## [WHAT IS REQUIRED]
Starting with the line containing "LOUIS PHILIPPE﻿ - 5" and going on through the line containing "Set cosmetica pentru", return the lines of the data below exactly, and only those.

## [SUPPLIED MATERIAL]
--------------------------------------------------
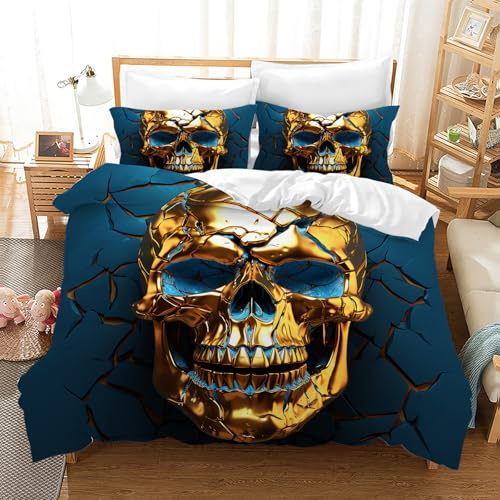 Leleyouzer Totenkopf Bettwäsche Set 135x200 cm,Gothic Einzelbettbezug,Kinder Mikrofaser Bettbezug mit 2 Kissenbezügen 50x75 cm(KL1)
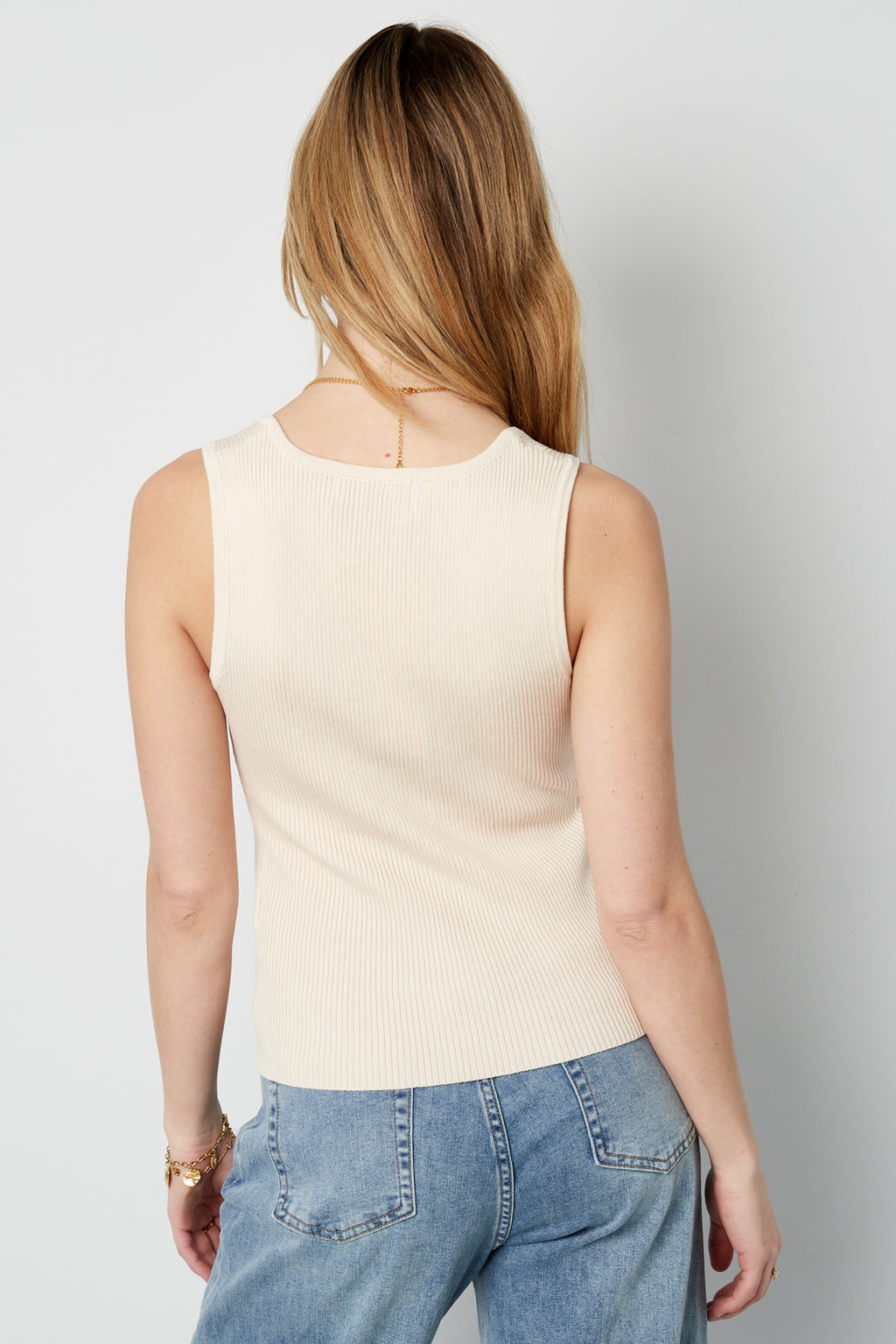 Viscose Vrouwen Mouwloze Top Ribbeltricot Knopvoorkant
--------------------------------------------------
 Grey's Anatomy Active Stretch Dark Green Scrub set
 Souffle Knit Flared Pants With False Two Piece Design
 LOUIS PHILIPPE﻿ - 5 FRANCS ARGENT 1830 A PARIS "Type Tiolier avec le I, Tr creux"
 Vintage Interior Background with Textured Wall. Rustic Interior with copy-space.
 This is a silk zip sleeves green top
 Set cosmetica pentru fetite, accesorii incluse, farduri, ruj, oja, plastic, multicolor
--------------------------------------------------
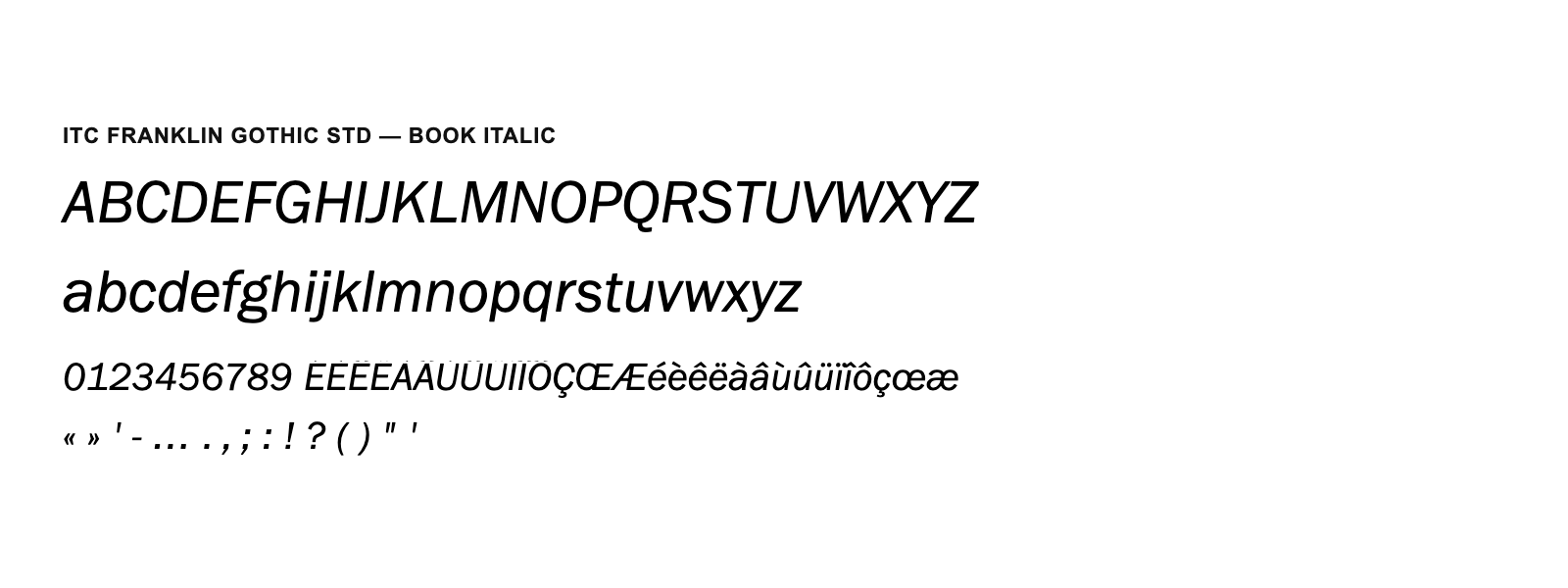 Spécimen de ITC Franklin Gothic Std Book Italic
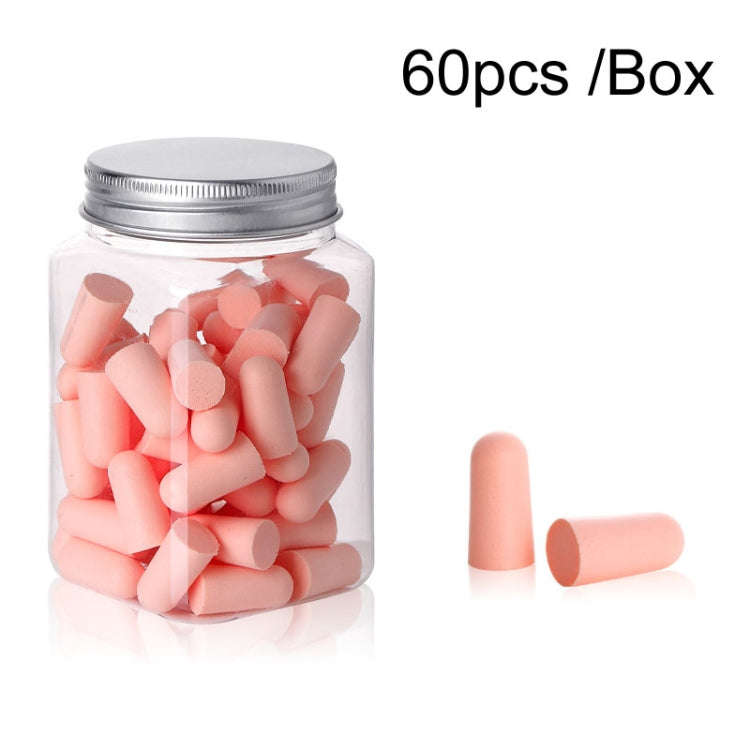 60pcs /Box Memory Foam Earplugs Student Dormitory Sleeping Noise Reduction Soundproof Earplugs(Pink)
--------------------------------------------------
## [SOLVED PROBLEM]
 LOUIS PHILIPPE﻿ - 5 FRANCS ARGENT 1830 A PARIS "Type Tiolier avec le I, Tr creux"
 Vintage Interior Background with Textured Wall. Rustic Interior with copy-space.
 This is a silk zip sleeves green top
 Set cosmetica pentru fetite, accesorii incluse, farduri, ruj, oja, plastic, multicolor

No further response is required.